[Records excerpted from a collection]
^^^^
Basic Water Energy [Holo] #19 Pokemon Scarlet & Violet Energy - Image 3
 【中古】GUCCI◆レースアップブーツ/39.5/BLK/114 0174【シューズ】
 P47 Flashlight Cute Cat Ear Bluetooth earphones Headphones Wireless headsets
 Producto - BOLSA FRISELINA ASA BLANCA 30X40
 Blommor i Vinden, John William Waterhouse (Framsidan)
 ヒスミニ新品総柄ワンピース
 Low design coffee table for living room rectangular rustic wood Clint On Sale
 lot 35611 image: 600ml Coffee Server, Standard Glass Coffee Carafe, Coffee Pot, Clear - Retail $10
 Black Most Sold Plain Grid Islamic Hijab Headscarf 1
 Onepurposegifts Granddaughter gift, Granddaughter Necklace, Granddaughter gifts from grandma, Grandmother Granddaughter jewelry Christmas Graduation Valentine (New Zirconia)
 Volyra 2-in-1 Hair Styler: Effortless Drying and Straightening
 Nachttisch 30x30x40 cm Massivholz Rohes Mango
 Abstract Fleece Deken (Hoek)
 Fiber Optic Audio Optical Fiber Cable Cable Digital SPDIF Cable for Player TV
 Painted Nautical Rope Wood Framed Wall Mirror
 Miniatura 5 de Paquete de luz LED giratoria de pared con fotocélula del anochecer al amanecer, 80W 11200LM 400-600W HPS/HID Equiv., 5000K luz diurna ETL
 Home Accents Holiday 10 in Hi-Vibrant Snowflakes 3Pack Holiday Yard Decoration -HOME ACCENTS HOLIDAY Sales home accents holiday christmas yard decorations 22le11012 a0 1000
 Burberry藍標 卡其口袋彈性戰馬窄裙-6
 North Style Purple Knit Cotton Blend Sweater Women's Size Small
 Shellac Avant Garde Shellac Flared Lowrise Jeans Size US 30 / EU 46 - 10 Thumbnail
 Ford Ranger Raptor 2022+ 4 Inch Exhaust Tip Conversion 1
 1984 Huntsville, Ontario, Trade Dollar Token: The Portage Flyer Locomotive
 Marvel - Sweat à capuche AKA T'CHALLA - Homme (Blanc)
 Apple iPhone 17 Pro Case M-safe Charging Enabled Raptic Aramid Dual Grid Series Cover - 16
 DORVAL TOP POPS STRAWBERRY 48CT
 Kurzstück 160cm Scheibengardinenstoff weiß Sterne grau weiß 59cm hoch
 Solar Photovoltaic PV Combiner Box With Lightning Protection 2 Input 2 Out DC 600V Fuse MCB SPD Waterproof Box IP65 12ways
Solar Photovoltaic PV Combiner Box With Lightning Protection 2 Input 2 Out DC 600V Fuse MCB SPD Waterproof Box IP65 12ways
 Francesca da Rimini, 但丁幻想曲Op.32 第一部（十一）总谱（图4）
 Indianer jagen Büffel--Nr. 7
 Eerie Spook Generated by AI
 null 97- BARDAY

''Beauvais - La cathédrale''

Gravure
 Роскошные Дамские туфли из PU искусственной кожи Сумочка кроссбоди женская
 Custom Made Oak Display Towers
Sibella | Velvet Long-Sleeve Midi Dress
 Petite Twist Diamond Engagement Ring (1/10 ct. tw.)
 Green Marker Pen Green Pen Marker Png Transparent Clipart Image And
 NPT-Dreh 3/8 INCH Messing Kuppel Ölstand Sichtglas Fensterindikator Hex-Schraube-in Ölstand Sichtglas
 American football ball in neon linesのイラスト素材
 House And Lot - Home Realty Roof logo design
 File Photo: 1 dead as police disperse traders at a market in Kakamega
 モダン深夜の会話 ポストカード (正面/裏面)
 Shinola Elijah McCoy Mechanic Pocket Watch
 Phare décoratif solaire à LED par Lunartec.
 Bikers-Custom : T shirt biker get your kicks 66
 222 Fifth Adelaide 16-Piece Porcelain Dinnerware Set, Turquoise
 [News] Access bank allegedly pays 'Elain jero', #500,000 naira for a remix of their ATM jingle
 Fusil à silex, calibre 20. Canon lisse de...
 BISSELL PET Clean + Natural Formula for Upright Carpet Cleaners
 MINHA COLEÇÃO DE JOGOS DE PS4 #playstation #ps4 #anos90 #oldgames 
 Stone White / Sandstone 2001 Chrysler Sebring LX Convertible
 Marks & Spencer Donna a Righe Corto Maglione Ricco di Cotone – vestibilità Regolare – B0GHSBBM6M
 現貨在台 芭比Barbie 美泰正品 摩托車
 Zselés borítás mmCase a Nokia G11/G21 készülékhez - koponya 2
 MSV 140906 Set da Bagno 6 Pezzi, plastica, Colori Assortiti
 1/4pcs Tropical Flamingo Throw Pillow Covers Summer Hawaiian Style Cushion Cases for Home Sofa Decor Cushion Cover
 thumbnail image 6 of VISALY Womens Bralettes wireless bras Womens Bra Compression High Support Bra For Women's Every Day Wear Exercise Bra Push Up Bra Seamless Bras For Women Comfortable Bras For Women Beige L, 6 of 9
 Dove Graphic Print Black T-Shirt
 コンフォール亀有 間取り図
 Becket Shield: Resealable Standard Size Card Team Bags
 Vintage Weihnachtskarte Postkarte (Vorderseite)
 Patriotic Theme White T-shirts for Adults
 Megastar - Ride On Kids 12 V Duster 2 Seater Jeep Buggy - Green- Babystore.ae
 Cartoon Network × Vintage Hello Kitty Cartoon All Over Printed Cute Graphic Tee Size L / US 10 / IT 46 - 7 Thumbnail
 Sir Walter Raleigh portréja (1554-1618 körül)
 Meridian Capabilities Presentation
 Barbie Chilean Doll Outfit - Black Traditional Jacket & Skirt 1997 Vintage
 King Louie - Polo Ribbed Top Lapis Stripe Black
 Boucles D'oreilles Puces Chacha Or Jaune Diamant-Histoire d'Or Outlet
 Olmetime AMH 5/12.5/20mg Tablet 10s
^^^^
Your instructions> Write out all of the records word for word.

Answer space>
Basic Water Energy [Holo] #19 Pokemon Scarlet & Violet Energy - Image 3
 【中古】GUCCI◆レースアップブーツ/39.5/BLK/114 0174【シューズ】
 P47 Flashlight Cute Cat Ear Bluetooth earphones Headphones Wireless headsets
 Producto - BOLSA FRISELINA ASA BLANCA 30X40
 Blommor i Vinden, John William Waterhouse (Framsidan)
 ヒスミニ新品総柄ワンピース
 Low design coffee table for living room rectangular rustic wood Clint On Sale
 lot 35611 image: 600ml Coffee Server, Standard Glass Coffee Carafe, Coffee Pot, Clear - Retail $10
 Black Most Sold Plain Grid Islamic Hijab Headscarf 1
 Onepurposegifts Granddaughter gift, Granddaughter Necklace, Granddaughter gifts from grandma, Grandmother Granddaughter jewelry Christmas Graduation Valentine (New Zirconia)
 Volyra 2-in-1 Hair Styler: Effortless Drying and Straightening
 Nachttisch 30x30x40 cm Massivholz Rohes Mango
 Abstract Fleece Deken (Hoek)
 Fiber Optic Audio Optical Fiber Cable Cable Digital SPDIF Cable for Player TV
 Painted Nautical Rope Wood Framed Wall Mirror
 Miniatura 5 de Paquete de luz LED giratoria de pared con fotocélula del anochecer al amanecer, 80W 11200LM 400-600W HPS/HID Equiv., 5000K luz diurna ETL
 Home Accents Holiday 10 in Hi-Vibrant Snowflakes 3Pack Holiday Yard Decoration -HOME ACCENTS HOLIDAY Sales home accents holiday christmas yard decorations 22le11012 a0 1000
 Burberry藍標 卡其口袋彈性戰馬窄裙-6
 North Style Purple Knit Cotton Blend Sweater Women's Size Small
 Shellac Avant Garde Shellac Flared Lowrise Jeans Size US 30 / EU 46 - 10 Thumbnail
 Ford Ranger Raptor 2022+ 4 Inch Exhaust Tip Conversion 1
 1984 Huntsville, Ontario, Trade Dollar Token: The Portage Flyer Locomotive
 Marvel - Sweat à capuche AKA T'CHALLA - Homme (Blanc)
 Apple iPhone 17 Pro Case M-safe Charging Enabled Raptic Aramid Dual Grid Series Cover - 16
 DORVAL TOP POPS STRAWBERRY 48CT
 Kurzstück 160cm Scheibengardinenstoff weiß Sterne grau weiß 59cm hoch
 Solar Photovoltaic PV Combiner Box With Lightning Protection 2 Input 2 Out DC 600V Fuse MCB SPD Waterproof Box IP65 12ways
Solar Photovoltaic PV Combiner Box With Lightning Protection 2 Input 2 Out DC 600V Fuse MCB SPD Waterproof Box IP65 12ways
 Francesca da Rimini, 但丁幻想曲Op.32 第一部（十一）总谱（图4）
 Indianer jagen Büffel--Nr. 7
 Eerie Spook Generated by AI
 null 97- BARDAY

''Beauvais - La cathédrale''

Gravure
 Роскошные Дамские туфли из PU искусственной кожи Сумочка кроссбоди женская
 Custom Made Oak Display Towers
Sibella | Velvet Long-Sleeve Midi Dress
 Petite Twist Diamond Engagement Ring (1/10 ct. tw.)
 Green Marker Pen Green Pen Marker Png Transparent Clipart Image And
 NPT-Dreh 3/8 INCH Messing Kuppel Ölstand Sichtglas Fensterindikator Hex-Schraube-in Ölstand Sichtglas
 American football ball in neon linesのイラスト素材
 House And Lot - Home Realty Roof logo design
 File Photo: 1 dead as police disperse traders at a market in Kakamega
 モダン深夜の会話 ポストカード (正面/裏面)
 Shinola Elijah McCoy Mechanic Pocket Watch
 Phare décoratif solaire à LED par Lunartec.
 Bikers-Custom : T shirt biker get your kicks 66
 222 Fifth Adelaide 16-Piece Porcelain Dinnerware Set, Turquoise
 [News] Access bank allegedly pays 'Elain jero', #500,000 naira for a remix of their ATM jingle
 Fusil à silex, calibre 20. Canon lisse de...
 BISSELL PET Clean + Natural Formula for Upright Carpet Cleaners
 MINHA COLEÇÃO DE JOGOS DE PS4 #playstation #ps4 #anos90 #oldgames 
 Stone White / Sandstone 2001 Chrysler Sebring LX Convertible
 Marks & Spencer Donna a Righe Corto Maglione Ricco di Cotone – vestibilità Regolare – B0GHSBBM6M
 現貨在台 芭比Barbie 美泰正品 摩托車
 Zselés borítás mmCase a Nokia G11/G21 készülékhez - koponya 2
 MSV 140906 Set da Bagno 6 Pezzi, plastica, Colori Assortiti
 1/4pcs Tropical Flamingo Throw Pillow Covers Summer Hawaiian Style Cushion Cases for Home Sofa Decor Cushion Cover
 thumbnail image 6 of VISALY Womens Bralettes wireless bras Womens Bra Compression High Support Bra For Women's Every Day Wear Exercise Bra Push Up Bra Seamless Bras For Women Comfortable Bras For Women Beige L, 6 of 9
 Dove Graphic Print Black T-Shirt
 コンフォール亀有 間取り図
 Becket Shield: Resealable Standard Size Card Team Bags
 Vintage Weihnachtskarte Postkarte (Vorderseite)
 Patriotic Theme White T-shirts for Adults
 Megastar - Ride On Kids 12 V Duster 2 Seater Jeep Buggy - Green- Babystore.ae
 Cartoon Network × Vintage Hello Kitty Cartoon All Over Printed Cute Graphic Tee Size L / US 10 / IT 46 - 7 Thumbnail
 Sir Walter Raleigh portréja (1554-1618 körül)
 Meridian Capabilities Presentation
 Barbie Chilean Doll Outfit - Black Traditional Jacket & Skirt 1997 Vintage
 King Louie - Polo Ribbed Top Lapis Stripe Black
 Boucles D'oreilles Puces Chacha Or Jaune Diamant-Histoire d'Or Outlet
 Olmetime AMH 5/12.5/20mg Tablet 10s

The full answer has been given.